As informações adicionais foram colhidas em documentos produzidos no âmbito acadêmico (http://geodesia.ufsc.br/Geodesia-online/arquivo/cobrac_2006/036.pdf, http://www.unisinos.br/ihu/uploads/publicacoes/edicoes/1158327280.69pdf.pdf, e acessado em 6 de maio de 2007).
Sabe-se que por ali passavam os tropeiros em direção à Feira de Sorocaba, durante os séculos XVII e XVIII, e que o Salto, na época da seca, constituiu um obstáculo – embora temporário – ao desmatamento da araucária, que se verificava no oeste do Estado de Santa Catarina, no sudoeste do Paraná e no noroeste do Estado do Rio Grande do Sul, muito intenso a partir do povoamento daquela região por imigrantes, iniciado na segunda metade do século XIX, sobretudo a partir da fundação da Colônia Militar de Chapecó, em 1882, naquela região que disputamos com a Argentina até 1895.
Obstáculo porque o Salto impedia as barcaças de seguirem pelo rio até o ponto onde as toras da preciosa árvore seriam colhidas, para aproveitamento de sua madeira e de sua resina.
Até 1894-1895, a região permanecia praticamente intocada pelo homem branco, embora seu solo fosse muito fértil e a fauna fosse riquíssima.
Durante a Revolução Federalista, de 1893, muitos foram se refugiar naqueles restos de mata cerrada que existiam no Rio Grande do Sul.
O que atraiu muitos dentre os pioneiros fora o inegável potencial econômico, com a possibilidade de exploração da madeira de lei, a grande quantidade de animais para a caça, bem como as águas medicinais, amplamente exploradas, hoje, no município de Irai, tendo todos, entretanto, como fator de unidade, a religião, o que não deixa de estabelecer um paralelo com a história da conquista do Oeste nos EUA.
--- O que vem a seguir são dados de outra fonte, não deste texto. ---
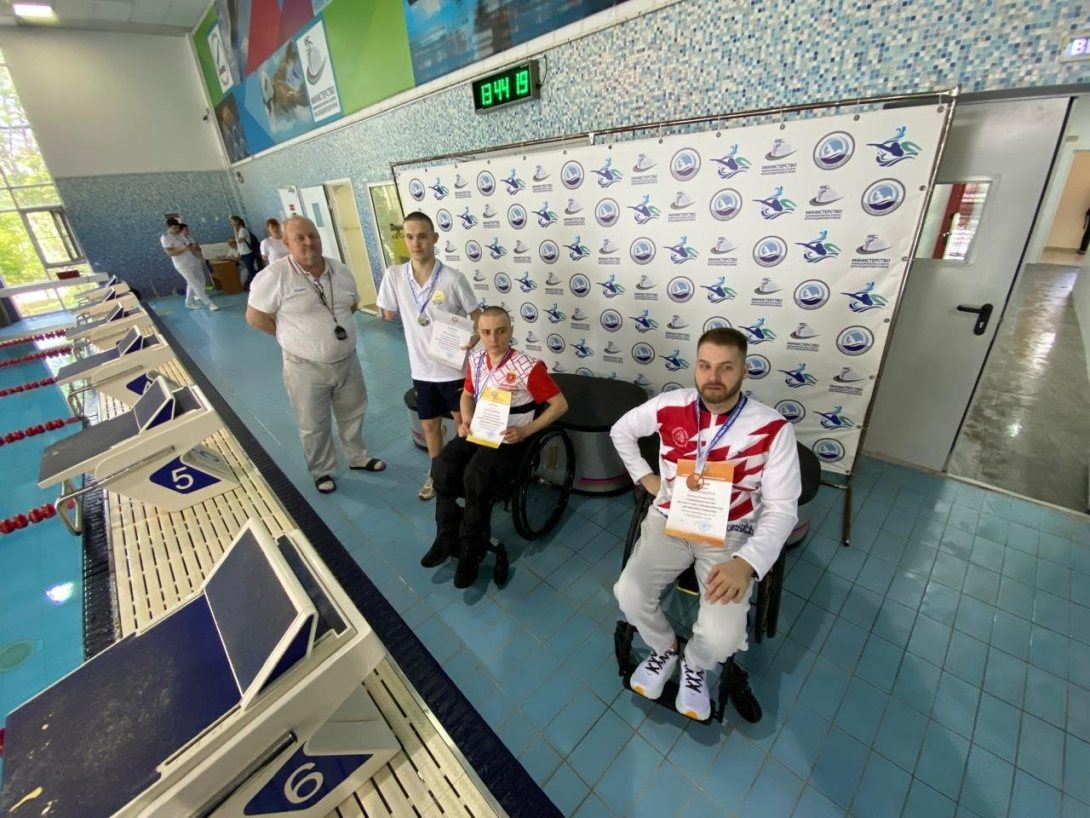 Вологжане завоевали 4 медали чемпионата России по плаванию среди людей с поражением ОДА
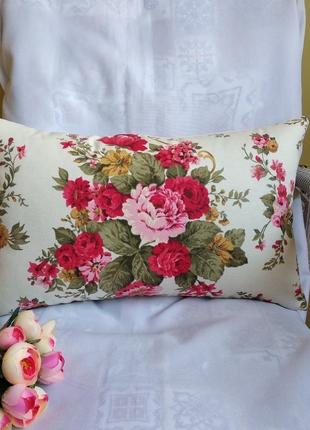 Декоративна подушка 30*45 з трояндами з цупкої тканини1 фото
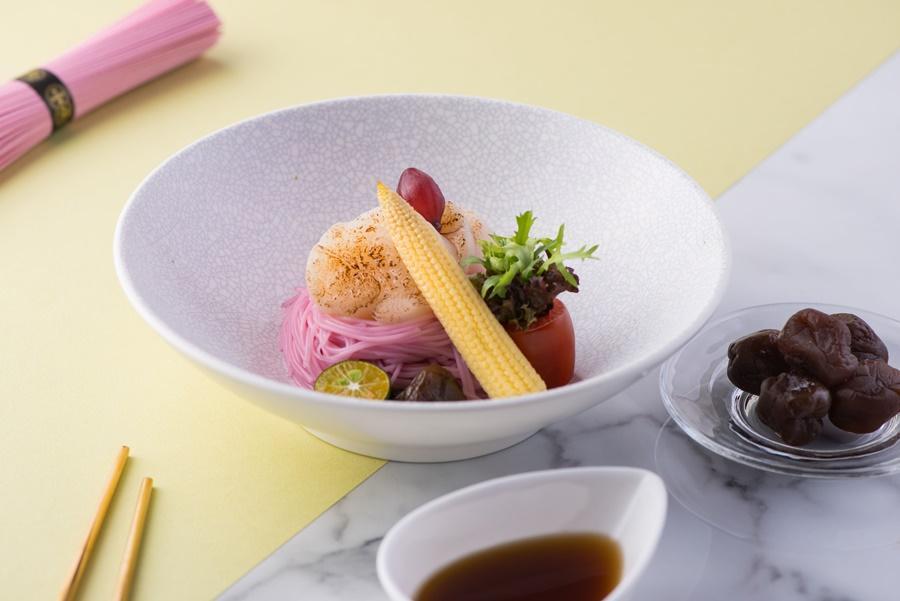 「炙燒干貝梅子麵」選用來自日本手工的森川梅麵煮熟後冰鎮而成,清爽開胃。(林口亞昕福朋喜來登酒店提供)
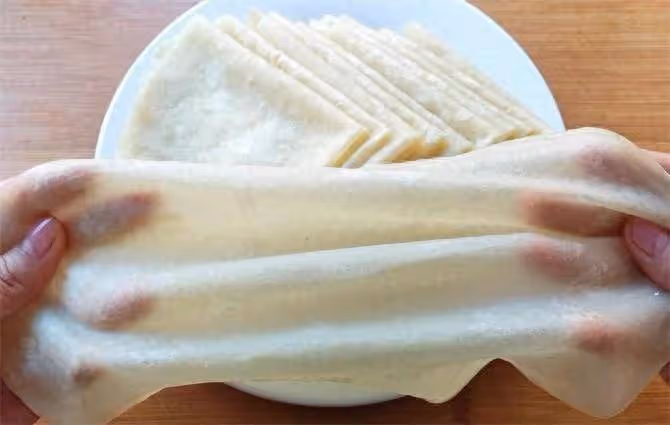做春餅,只要加這2樣東西,才會柔軟筋道,彈力十足,15秒就出鍋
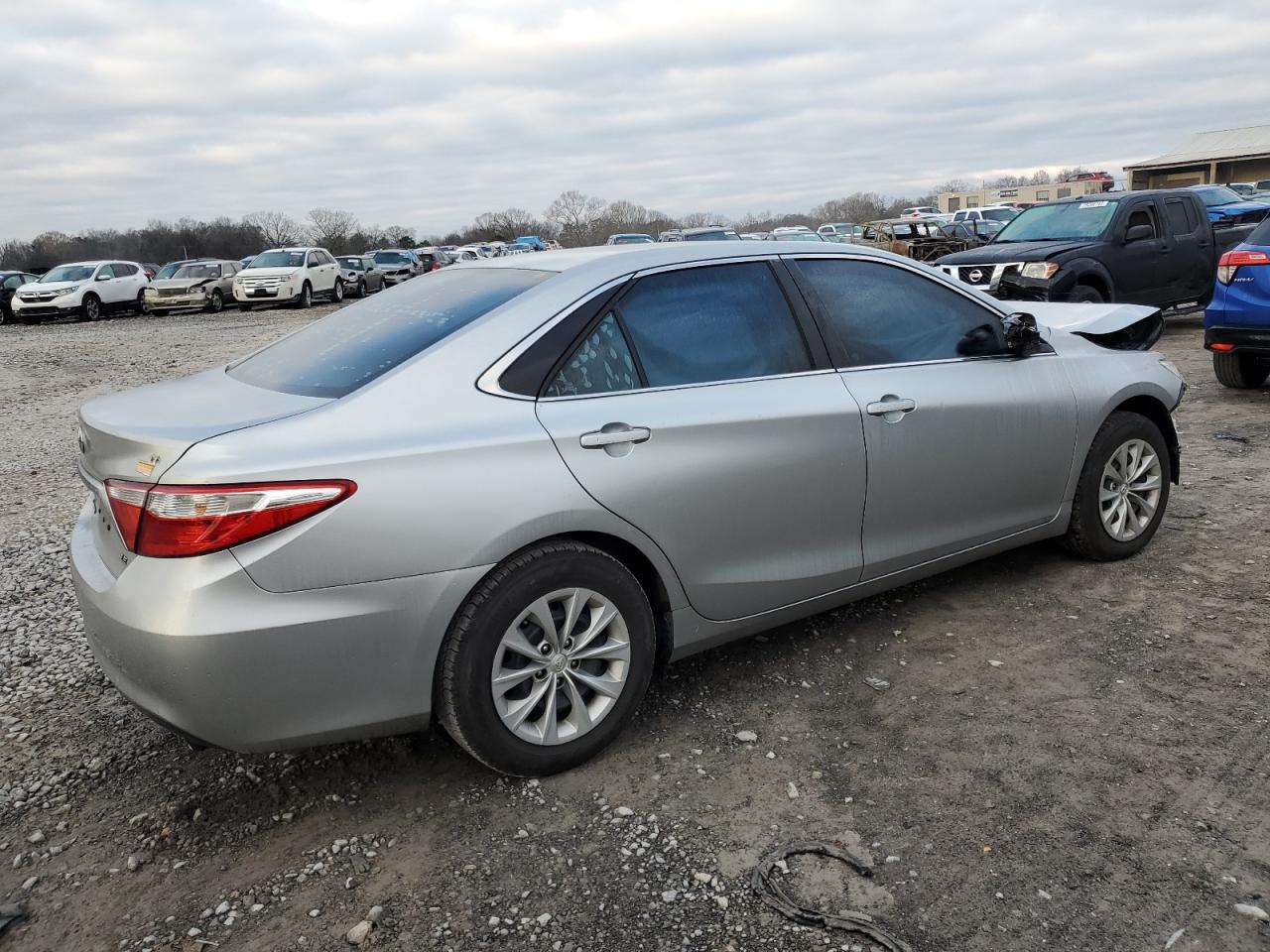 4T4BF1FK8GR572833 2016 Toyota Camry Le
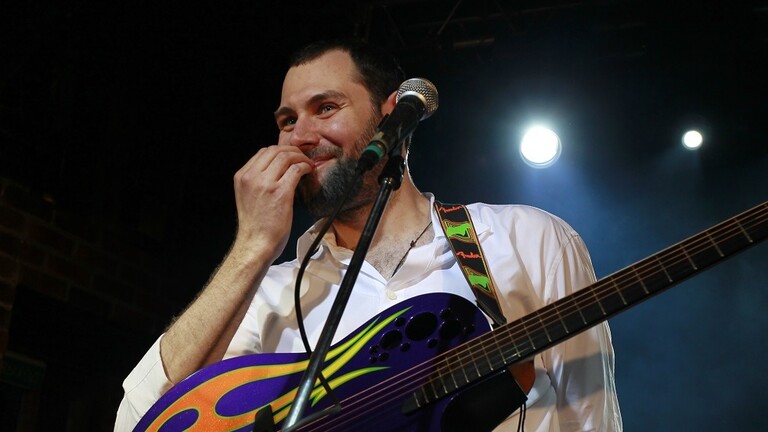 بعد انتقاده المتظاهرين..تويتر يحجب حساب ممثل روسي شهير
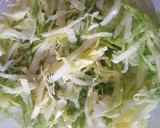 Foto del paso 1 de la receta: Ensalada tropical con aguacate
A partir da década de 20 do século XX, o afluxo de imigrantes se deu norteado por uma idéia de colonização baseada na economia familiar.
Mas, retornemos ao Salto.
A correnteza era extremamente forte e, em alguns trechos, na margem brasileira, havia inclusive redemoinhos.
Em ambas as margens, tanto na brasileira como na argentina, o verde era exuberante.
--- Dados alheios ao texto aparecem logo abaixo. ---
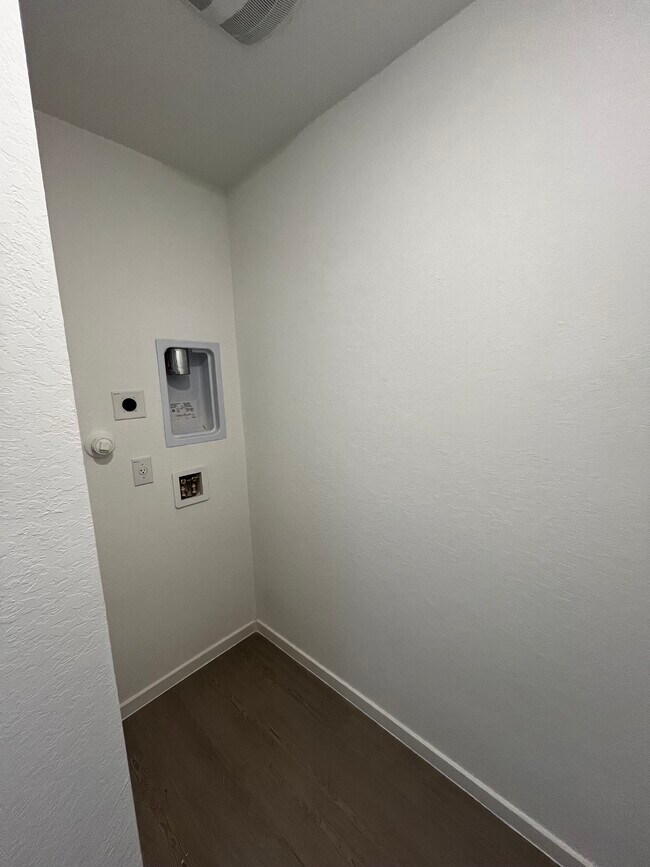 Building Photo - 6730 Chert Chase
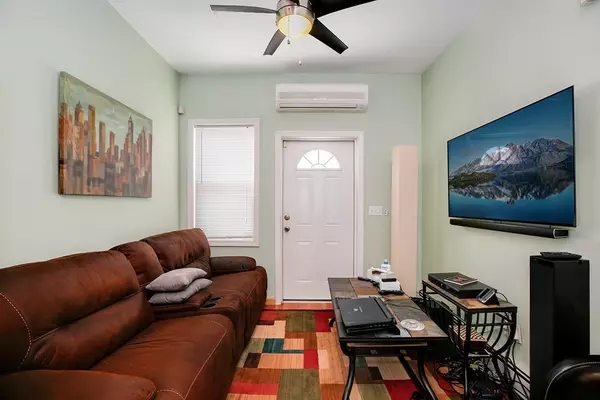 Newton, MA 02465,225 River St #B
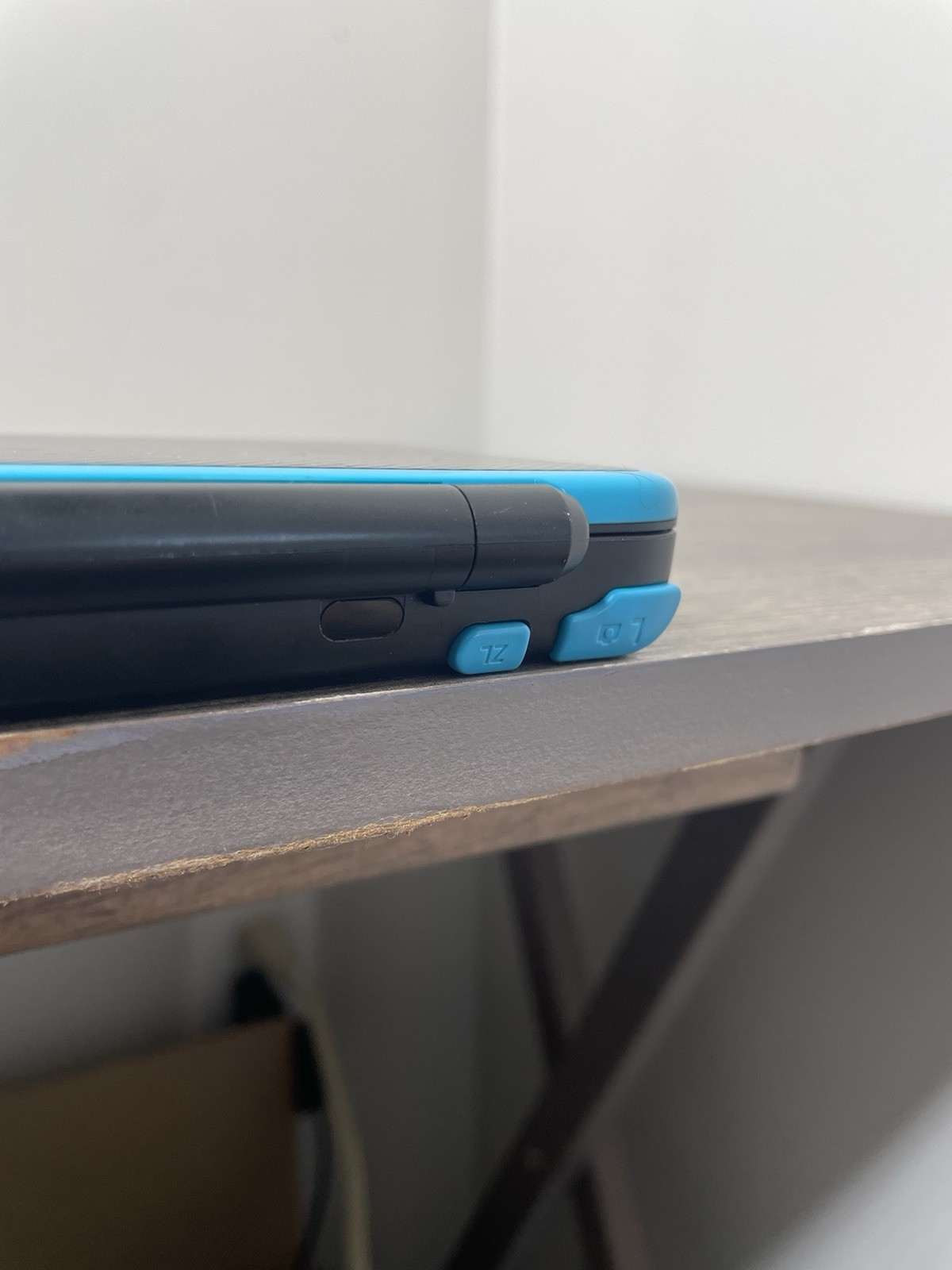 Nintendo 2DS XL Console – Black Turquoise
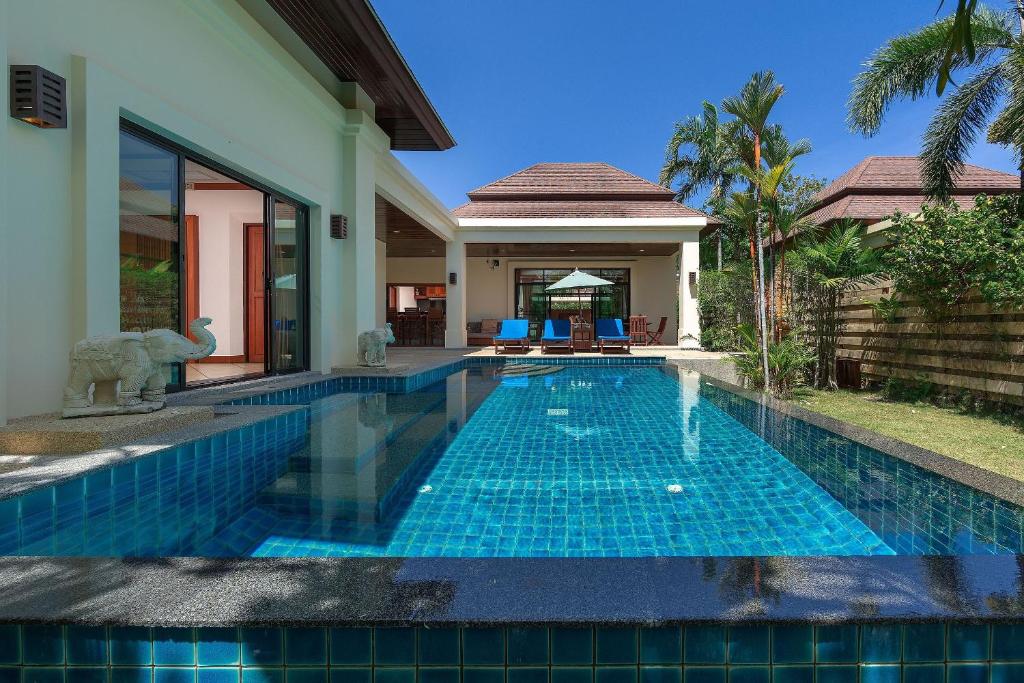 - une piscine dans l'arrière-cour d'une villa dans l'établissement Villa Hoata| Luxury 2BR villa in the Baan Bua Estate | Nai Harn beach, à Nai Harn Beach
As aves selvagens cruzavam os céus.
Retornando aos quiosques, Scheila viu uma outra trilha que nos poderia levar a um outro ângulo de visão do Salto, e o Flávio lá nos foi levando.
E, com efeito, ali, onde a mata era um pouco mais cerrada, iríamos dar no início da elevação.
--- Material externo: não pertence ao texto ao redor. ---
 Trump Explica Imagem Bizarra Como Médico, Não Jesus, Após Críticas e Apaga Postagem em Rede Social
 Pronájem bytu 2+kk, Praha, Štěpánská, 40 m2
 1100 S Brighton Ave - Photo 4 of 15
O retorno não teve maiores incidentes, nem perigos: a viagem trnascorreu tranqüilamente naquela região que, vez por outra, aparece agitada por conflitos entre agricultores brancos e índios kaingangs.
O que se verificou de notável, por ocasião da volta, além das várias paradas, foi a existência de ligação entre Frederico Westphalen e cidades do norte do Mato Grosso, como São Felix do Araguaia, mediante linhas de ônibus.
O maior salto longitudinal do mundo pode desaparecer, mas isso não é nada perto do desastre que pode causar para as cidades vizinhas e o meio ambiente. Ou será o contrário? Veja mais em:
ResponderExcluirhttp://www.livrodemochila.com/2010/04/salto-do-yucuma/
Agradeço não só a visita como a indicação do seu site, pois, realmente, é um dos lugares que vale a pena não só conhecer como guardar na memória. Também postei ali um comentário.